Framing Modules by Putting Assignments First

While the aforementioned list of syllabus functions will seem familiar to most instructors and students, there are some ways in which we would encourage you to make your syllabus a bit unconventional, so as to distinguish it from a mere "schedule. " For students (and instructors, too) the syllabus's important role as a schedule can obscure its equally important role in communicating the course's learning objectives. A good syllabus will illustrate "the overall pattern of the course so a course does not feel like disjoined assignments and activities" and will help students "feel that the course strategies have been designed to help them reach their goals, rather than merely as busywork" (Slattery and Carlson 2005, 159).

At the Bok Center we suggest you layout your syllabus in a way that will highlight the design of your course to motivate and guide your students.  We recommend:

  • "Front-loading" assignments. Well designed assignments should make your course goals clear, demonstrating to students what they will know and be able to do by the end of the course.  Assignments should scaffold to help students build the knowledge, skills, and practice to be successful. Instructors typically list assignments/exams at the ends of modules, when they are due; but by placing the culminating assignment upfront, you motivate students and help them understand the purpose of the work they are being asked to do right from the beginning of the syllabus.  We suggest putting a description of your final assignment immediately after your course description. We recommend putting descriptions of the culminating assignment for each module at the beginning of the module. In a paragraph describe how each students’ mastery will be tested at the end of this unit.
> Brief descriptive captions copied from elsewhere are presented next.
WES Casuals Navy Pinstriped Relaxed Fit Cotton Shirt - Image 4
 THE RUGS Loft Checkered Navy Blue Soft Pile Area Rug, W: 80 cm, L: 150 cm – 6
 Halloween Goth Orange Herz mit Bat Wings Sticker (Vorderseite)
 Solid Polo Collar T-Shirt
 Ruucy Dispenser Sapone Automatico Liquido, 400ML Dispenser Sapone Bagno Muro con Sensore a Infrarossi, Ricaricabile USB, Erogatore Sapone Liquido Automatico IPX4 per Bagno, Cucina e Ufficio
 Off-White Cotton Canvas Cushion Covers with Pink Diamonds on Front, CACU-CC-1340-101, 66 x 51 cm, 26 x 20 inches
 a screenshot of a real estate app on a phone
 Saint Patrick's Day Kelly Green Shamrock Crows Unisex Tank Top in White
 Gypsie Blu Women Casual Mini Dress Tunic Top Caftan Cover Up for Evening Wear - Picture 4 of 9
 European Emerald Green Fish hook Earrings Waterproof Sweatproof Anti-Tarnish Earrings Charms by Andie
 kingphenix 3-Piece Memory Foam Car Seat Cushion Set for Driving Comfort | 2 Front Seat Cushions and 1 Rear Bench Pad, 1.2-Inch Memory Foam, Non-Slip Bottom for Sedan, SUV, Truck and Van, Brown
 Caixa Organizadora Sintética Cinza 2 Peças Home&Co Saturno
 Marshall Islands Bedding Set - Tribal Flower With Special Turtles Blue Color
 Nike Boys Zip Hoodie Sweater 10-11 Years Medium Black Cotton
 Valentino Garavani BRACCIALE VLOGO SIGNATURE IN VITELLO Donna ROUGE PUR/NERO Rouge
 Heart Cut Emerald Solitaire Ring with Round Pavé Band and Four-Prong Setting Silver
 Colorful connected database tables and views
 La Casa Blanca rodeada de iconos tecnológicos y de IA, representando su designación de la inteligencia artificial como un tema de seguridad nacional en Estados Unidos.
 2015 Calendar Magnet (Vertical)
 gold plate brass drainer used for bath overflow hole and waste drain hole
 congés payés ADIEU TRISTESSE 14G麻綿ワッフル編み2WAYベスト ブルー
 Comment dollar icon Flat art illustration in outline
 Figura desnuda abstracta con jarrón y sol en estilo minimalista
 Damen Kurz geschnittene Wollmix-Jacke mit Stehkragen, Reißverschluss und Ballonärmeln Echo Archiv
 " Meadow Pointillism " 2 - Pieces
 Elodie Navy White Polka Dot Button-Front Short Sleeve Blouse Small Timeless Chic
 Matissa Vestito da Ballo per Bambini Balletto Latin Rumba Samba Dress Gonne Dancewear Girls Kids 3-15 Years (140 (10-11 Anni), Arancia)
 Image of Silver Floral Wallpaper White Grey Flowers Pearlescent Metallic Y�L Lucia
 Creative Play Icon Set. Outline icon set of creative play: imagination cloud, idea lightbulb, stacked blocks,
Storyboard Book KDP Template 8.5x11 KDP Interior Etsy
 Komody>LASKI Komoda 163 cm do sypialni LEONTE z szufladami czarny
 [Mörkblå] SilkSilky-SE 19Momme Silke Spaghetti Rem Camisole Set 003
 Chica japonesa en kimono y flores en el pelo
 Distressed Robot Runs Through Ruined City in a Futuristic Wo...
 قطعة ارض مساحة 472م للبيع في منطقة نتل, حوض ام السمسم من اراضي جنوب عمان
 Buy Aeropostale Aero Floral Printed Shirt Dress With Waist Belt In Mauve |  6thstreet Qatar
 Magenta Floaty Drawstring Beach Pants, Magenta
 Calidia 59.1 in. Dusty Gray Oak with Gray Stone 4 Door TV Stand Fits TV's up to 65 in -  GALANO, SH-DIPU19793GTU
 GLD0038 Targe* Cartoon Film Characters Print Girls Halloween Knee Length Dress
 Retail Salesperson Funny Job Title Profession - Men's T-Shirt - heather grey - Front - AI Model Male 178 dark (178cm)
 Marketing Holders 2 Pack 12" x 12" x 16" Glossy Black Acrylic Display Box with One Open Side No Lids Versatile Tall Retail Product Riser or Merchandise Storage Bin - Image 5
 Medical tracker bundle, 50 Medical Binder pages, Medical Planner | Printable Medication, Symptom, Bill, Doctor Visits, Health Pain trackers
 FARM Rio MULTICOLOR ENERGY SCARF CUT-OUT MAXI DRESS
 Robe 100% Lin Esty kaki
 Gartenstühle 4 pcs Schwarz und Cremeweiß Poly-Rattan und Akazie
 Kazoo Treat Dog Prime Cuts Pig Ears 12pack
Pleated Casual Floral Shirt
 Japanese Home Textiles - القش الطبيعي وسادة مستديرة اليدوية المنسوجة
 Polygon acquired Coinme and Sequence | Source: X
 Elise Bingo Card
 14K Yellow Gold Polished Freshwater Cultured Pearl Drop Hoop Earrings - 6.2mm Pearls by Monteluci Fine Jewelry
Doing so emphasizes the fact that the content—readings and lectures—of each module are meant to prepare them to be able to do something—which can be a great motivator.  It also makes the students even more aware of how intentionally the course is designed to scaffold their learning.
  • Framing language. A well designed course should be broken into modules.  These modules may build to a final point or taken together these units may allow students to fulfill your learning goals.  Before the description of each module’s culminating assignment, you should include a description of the module. What is the theme or preoccupation of this chunk of the course?  How is it preparing students for the subsequent unit(s)? How does it relate to the goals of your course?

Providing this framing language, in addition to front-loading the assignments, makes it more transparent to students why they are doing what they are doing, at the times they are being asked to do it—a powerful motivator.  It makes it clear what a student needs to do to meet the course objects, helping them take ownership of their learning.

A Final Syllabus Check Up

  • Does the order or logic of the semester still coordinate well with your course description?
  • Are the sections or elements linked to one another, or steps that follow one another logically?
  • Can the elements be posed as questions that follow in a coherent sequence (at least for you)?
  • Is the pacing reasonable? Can your students really read X pages a week (or less during exams)?
  • Are there built in moments of review?
  • Have you checked due dates against the university calendar: vacations/days of religious observance?